Introduction and Design of the Research

Executive Summary

Perceptions Of Black/White Relations In Local Communities

Perceptions Of Black/White Relations In The Nation

Personal Experience Of Discrimination

Best Group For Solving Community Problems, Race Relations

Detailed Summary of Results

1. The Racial Situation in America's Local Communities/Nation

2. General Perceptions of Racial Situation Across the Country

3. Measures of Satisfaction

4. Experiencing Discrimination

5. Racial Profiling

6. Government's Role/Affirmative Action

7. Groups Best for Solving Problems

Detailed Methodology

Introduction and Design of the Research


Overview

The Gallup Poll Social Audit on Black/White Relations in the United States provides an update on American's opinion of the state of race relations today. The project systematically updates long-term Gallup Poll trends on race relations and covers new ground for tracking over time.
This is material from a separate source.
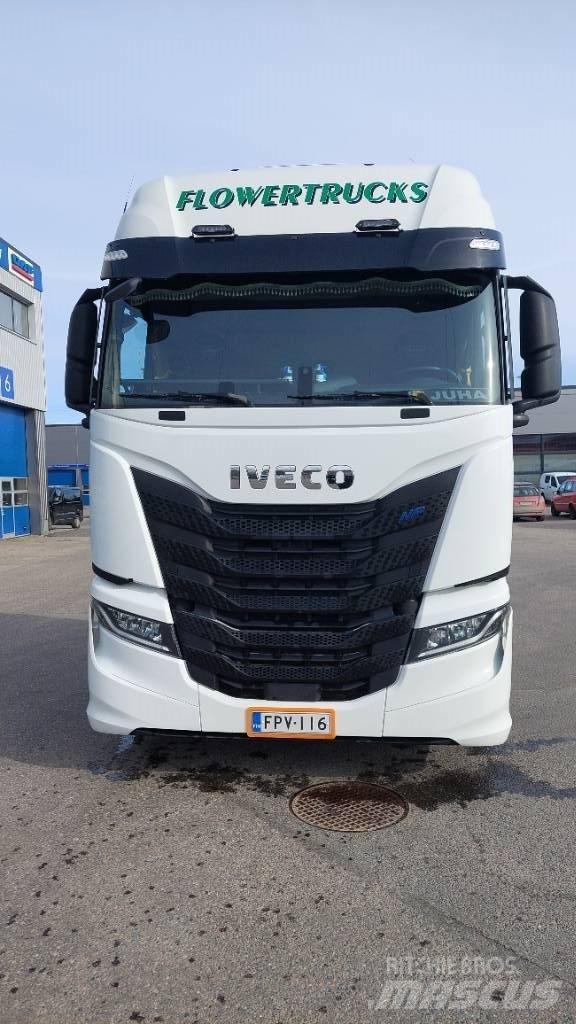 Iveco S-Way 460 LNG وحدات الجر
Gallup uses a rigorous RDD stratified telephone sampling design to interview large samples of black and white respondents. This research design permits detailed subgroup analysis.

The Gallup Poll Social Audit data are intended to be used as the basis for discussion, debate, and as input to policy-making, journalism and scholarship on race-related issues.

The Gallup Poll Social Audit series on Black/White Relations has been funded solely by The Gallup Organization. The most recent survey, conducted from March 23-May16, 2001 included 2,004 telephone interviews with a randomly selected sample of adults in the continental United States. For results based on a sample of this size, the margin of sampling error at the 95% confidence level is + 4 percentage points. The parallel margins of sampling error for the key racial subgroups are + 4 percentage points for the sample of 895 white respondents and + 5 percentage points for the sample of 1,003 black respondents.

For a more detailed description of the sample design, refer to the technical appendix to this report.

Executive Summary


Large differences between the views of white and black Americans persist on key measures of the state of race relations in the US. Four in ten white Americans-and one in ten black Americans-believes that blacks are treated the same as whites in the United States. While one in three U.S. adults feels that race relations have improved in the past year, nearly half of whites and two-thirds of blacks think that race relations will always be a problem in this country. Perceptions of unequal opportunity in education and housing, and of unfair treatment of blacks - especially by police - illustrate the concerns of many black Americans.

Perceptions Of Black/White Relations In Local Communities

While nearly seven in ten whites (69%) say that blacks are treated "the same as whites" in their own community, this view is held by only 41% of blacks. The gap between black and white opinion on this question is a long-term fixture of American racial opinion that has shown only a modest narrowing in the past thirty-five years.

Similar differences exist between whites' and blacks' assessments of equal educational and housing opportunities for blacks in their local communities. Eight in ten whites but only half of blacks view the educational opportunities for black and white children as equal. On this question, the opinions expressed by white and black Americans-and the 36-percentage point gap between them-are almost identical to those expressed nearly forty years ago. The gap between blacks' and whites' perceptions of on equal housing opportunities for blacks has grown over the past decade. In 1989, a 20-percentage point gap was recorded. Today the gap stands at 35 points, with 83% of whites but only 48% of blacks perceiving equal housing opportunities for blacks in their community.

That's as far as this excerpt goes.